Many founders mistakenly believe that all compliance requirements have disappeared. That is not correct.


📑 Companies Act Compliance Continues

Companies must still comply with:

  • Share allotment procedures
  • PAS-3 filing
  • Board approvals
  • Share certificates
  • Valuation requirements where applicable

🌍 FEMA Compliance Remains

For foreign investments:

  • FEMA regulations continue
  • RBI reporting remains mandatory
  • FC-GPR filing requirements continue
  • Pricing guidelines still apply

Angel Tax abolition does not remove FEMA obligations.


🔍 Section 68 Still Applies

Tax authorities can still examine:

  • Identity of investors
  • Creditworthiness of investors
  • Genuineness of transactions

Unexplained credits can continue to attract scrutiny. Proper documentation remains essential.


📋 Documentation Startups Should Maintain

Even after abolition, startups should preserve: 

✅ Share Subscription Agreements

✅ Board Resolutions

✅ Shareholder Resolutions

✅ Investor KYC Documents

✅ Bank Statements

✅ Valuation Reports

✅ PAS-3 Acknowledgements

✅ FEMA Documentation (where applicable)

Good documentation remains critical during due diligence and future fundraising rounds.


🎯 Strategic Benefits for Founders

The abolition of Angel Tax is expected to:

  • Improve ease of fundraising
  • Encourage angel investor participation
  • Support startup incorporation in India
  • Reduce regulatory uncertainty
  • Attract foreign venture capital
  • Strengthen India's startup ecosystem

Industry participants widely viewed the reform as one of the most significant startup-friendly tax changes in recent years.


⚠️ Common Misconceptions

❌ No Documentation Needed Now

Wrong.
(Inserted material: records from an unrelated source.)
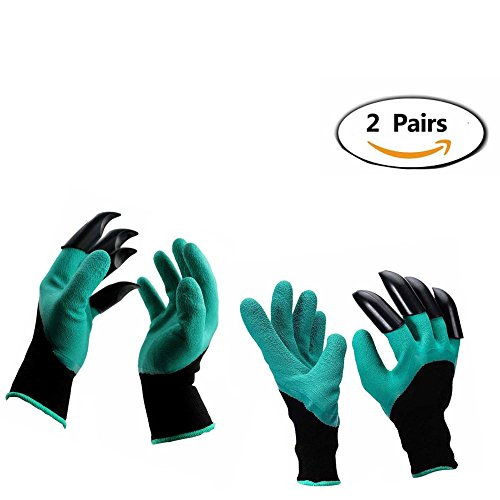 TILY 2 Paar Gartenhandschuhe mit Graben und Pflanzen, Handed Garden Genie Handschuhe mit Klaue zum Beschneiden, Graben und Gartenpflanzen (1 Paar Linkshänder Klaue + 1 Paar Rechtshänder Klaue)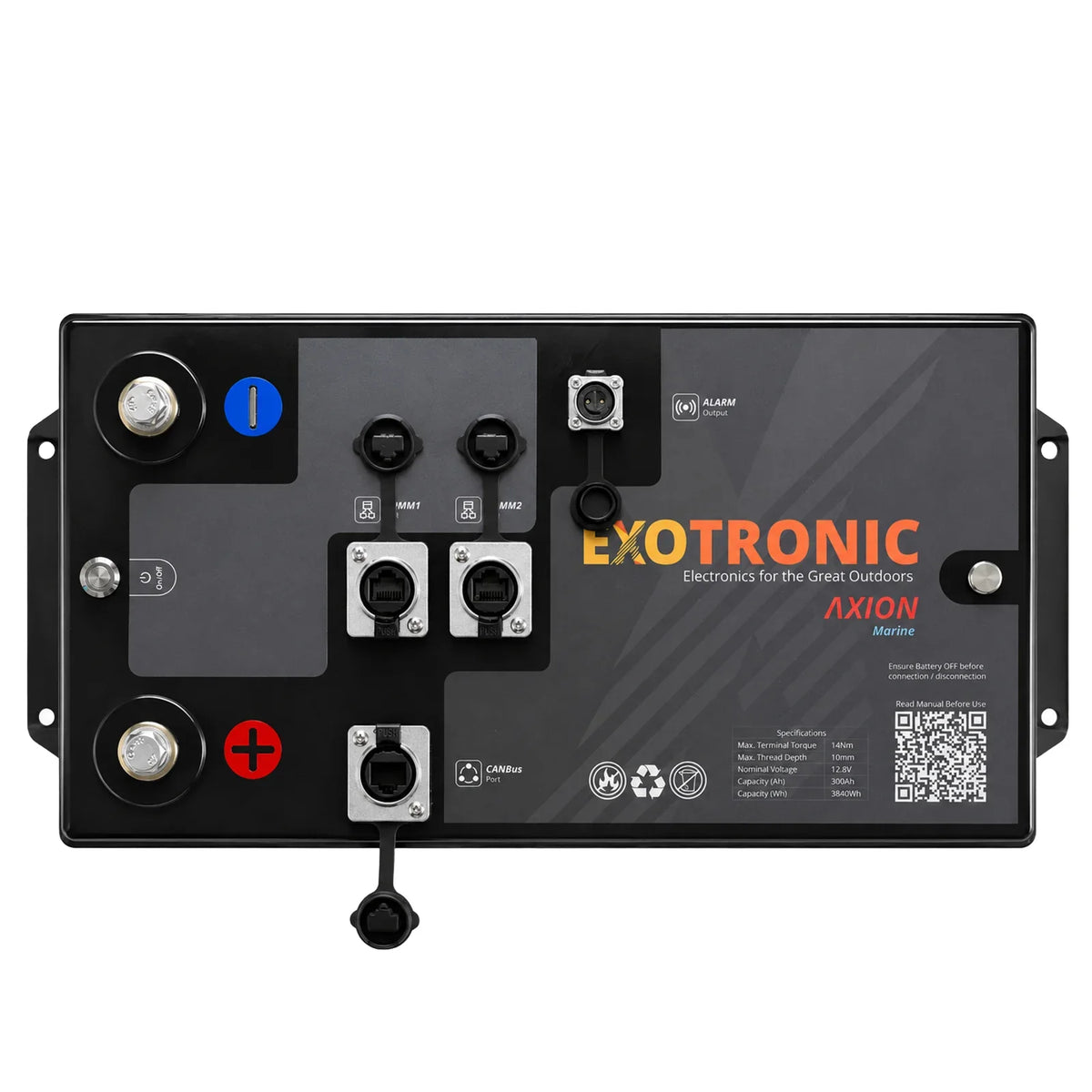 Exotronic - 12V - 300AH - Axion CANBus Bluetooth Lithium Battery - Marine Version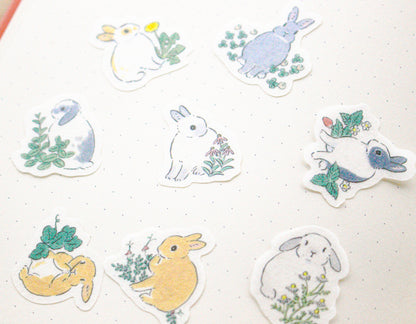 Papier Platz Rabbit and Flower Stickers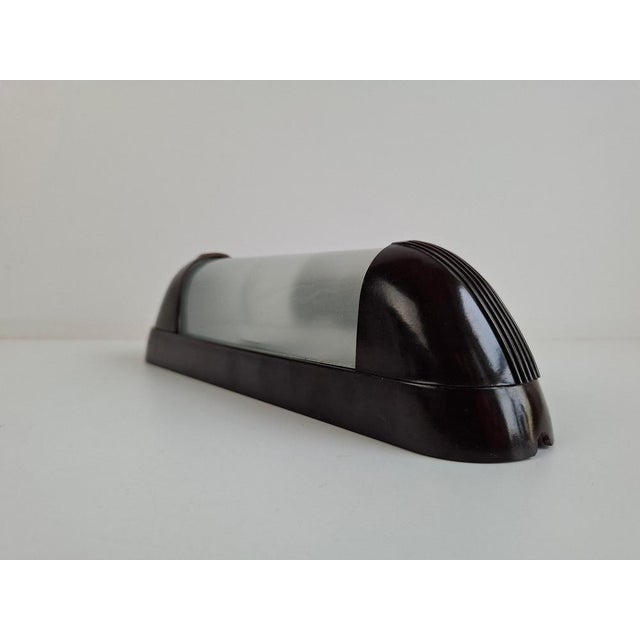 Art Deco Bakelite Wall Lamp with Frosted Glass, Czechoslovak, 1930s For Sale - Image 4 of 18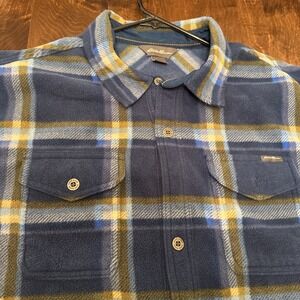 Eddie Bauer Mens XL Tall Fleece Shirt Blue Plaid Button Up Outdoor Flannel TXL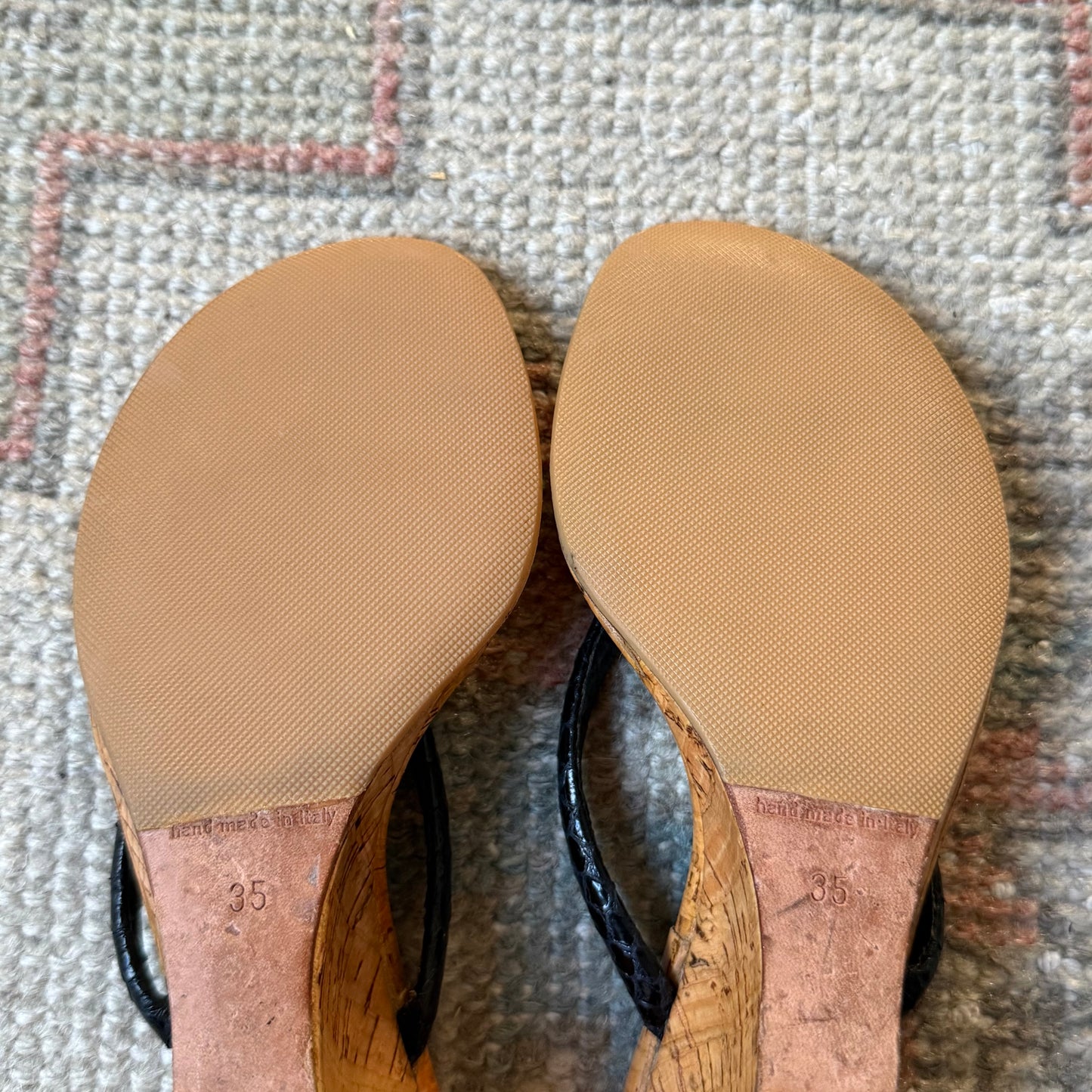 Y2K Manolo Blahnik Python Thong Wedge - US 5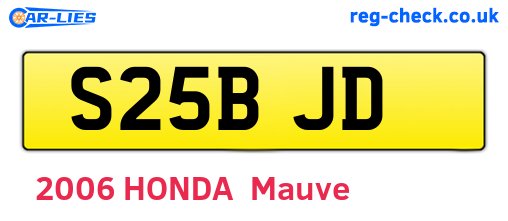 S25BJD are the vehicle registration plates.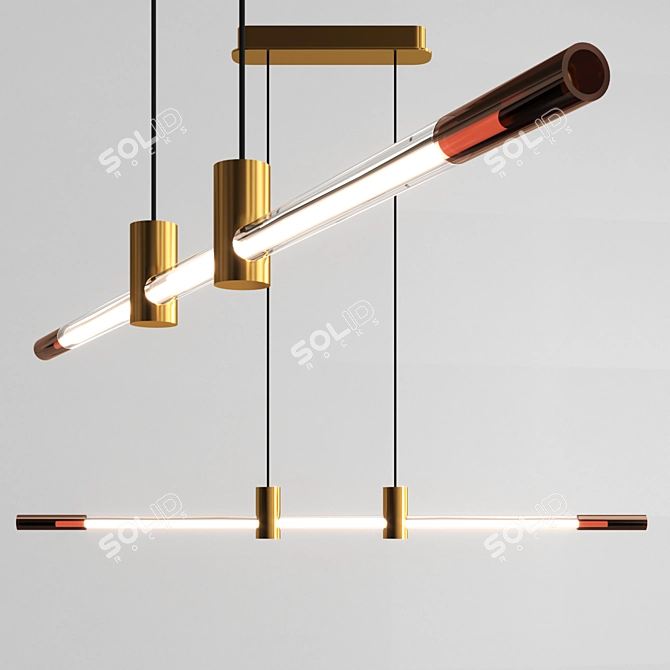 Sleek Glass Pinion Lamp 3D model image 3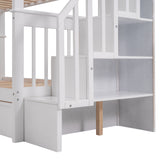 Stairway Twin-Over-Twin Bunk Bed with Three Drawers for Bedroom, Dorm - White(Old sku: LP000309AAK) - Home Elegance USA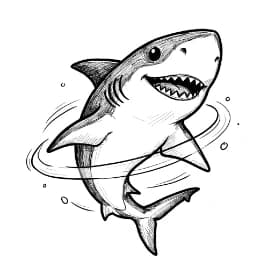 Haai Haai Kleurplaat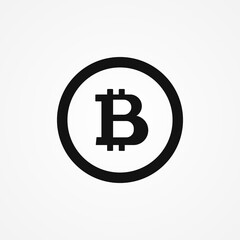 Bitcoin icon vector isolated on white background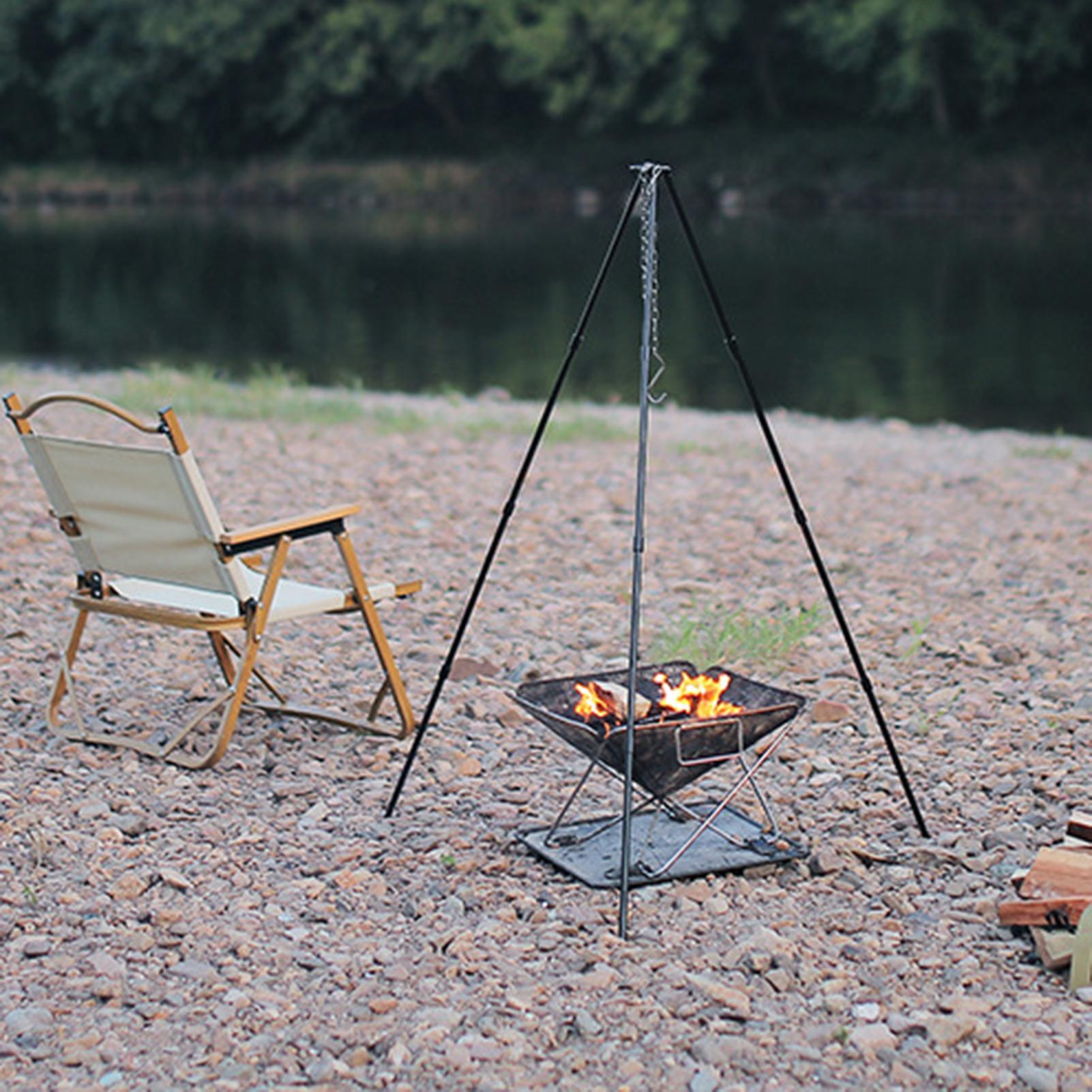 Camping Cooking Pot Tripod - ขาตั้งเตาไฟกลางแจ้งแบบพกพาขนาดใหญ่สำหรับตั้งแคมป์ ใช้สำหรับแขวนหม้อปรุงอาหาร ปรับระดับได้ พร้อมโซ่แขวน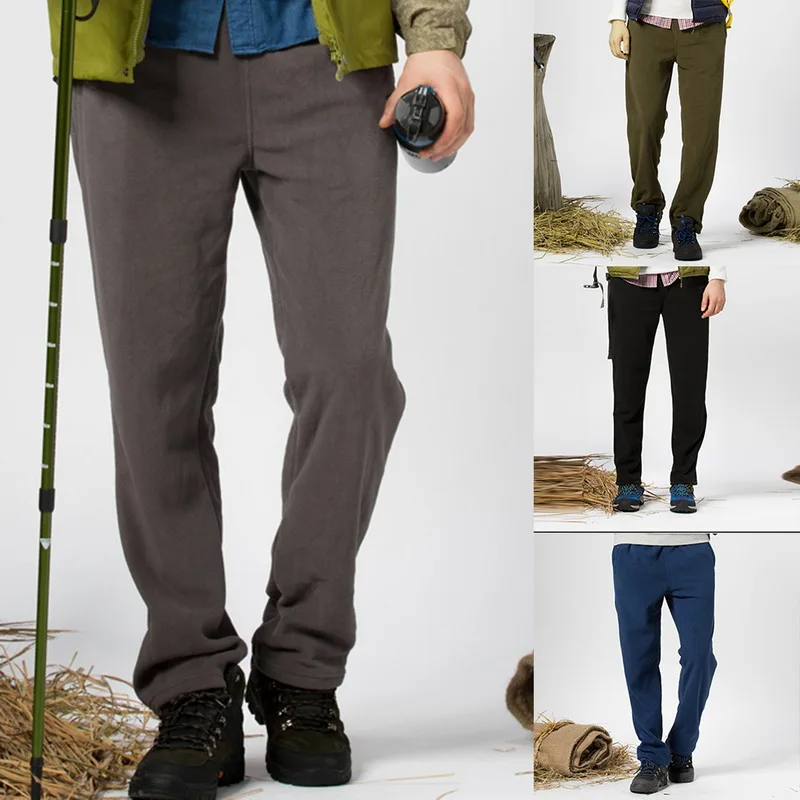 

HEFLASHOR Autumn Winter Style Pants Outdoor Men's Fleece Open Bottom Pocketed Warm Long Pants Trousers Solid Fashion Men's Pants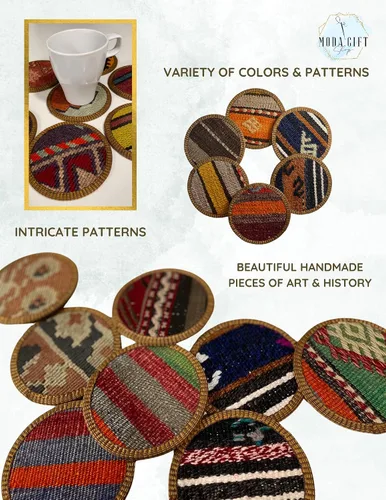 Vista 6 de Kilim - Juego de posavasos de tela, juego de posavasos bohemios, posavasos del medio oeste, juego de posavasos de tela, auténtico kilim turco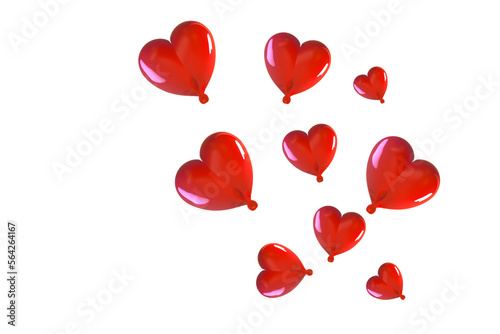 3D Valentine's day Hearts background with red balloon flat lay, clipping path.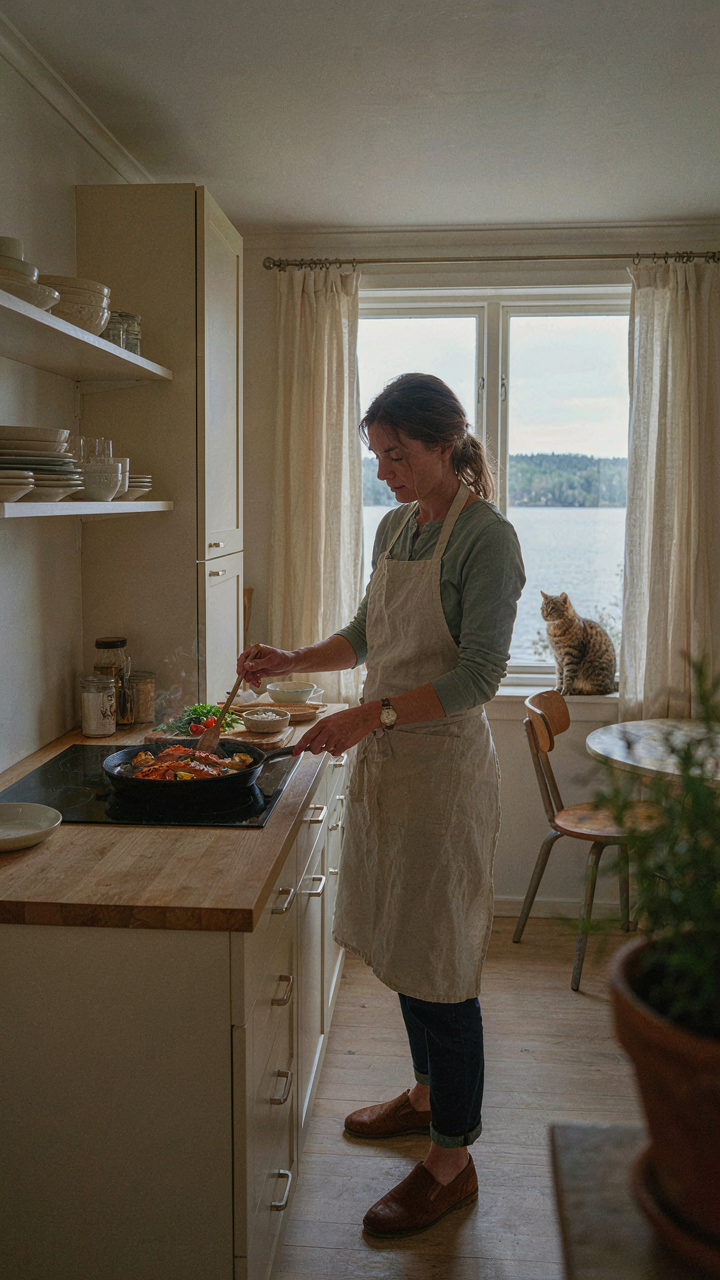 A compact, organized lake cottage kitchen with a chef cooking efficiently.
Documentation remains necessary for FEMA, Companies Act, and tax verification purposes.


❌ Any Amount Can Be Raised Without Scrutiny

Wrong. Source of funds and investor credentials can still be examined under other provisions of tax law.


❌ Valuation Reports Are No Longer Useful

Wrong. Valuation reports continue to be important for corporate governance, FEMA compliance, and future due diligence.


🏁 Conclusion

The abolition of Angel Tax marks a significant milestone for India's startup ecosystem. By removing the tax on share premium received by unlisted companies, the Government has addressed a long-standing concern of founders, angel investors, venture capital funds, and foreign investors. Startups can now raise capital based on genuine market valuations without fear of valuation-based tax assessments.

However, founders should remember that while Angel Tax has been abolished, compliance obligations under the Companies Act, FEMA regulations, RBI reporting requirements, and anti-abuse provisions such as Section 68 continue to apply. Sound documentation, transparent fundraising practices, and proper corporate governance remain essential.

For startups planning fundraising rounds in 2026 and beyond, the regulatory environment is now considerably more investor-friendly, making it easier to attract capital and focus on growth rather than tax disputes.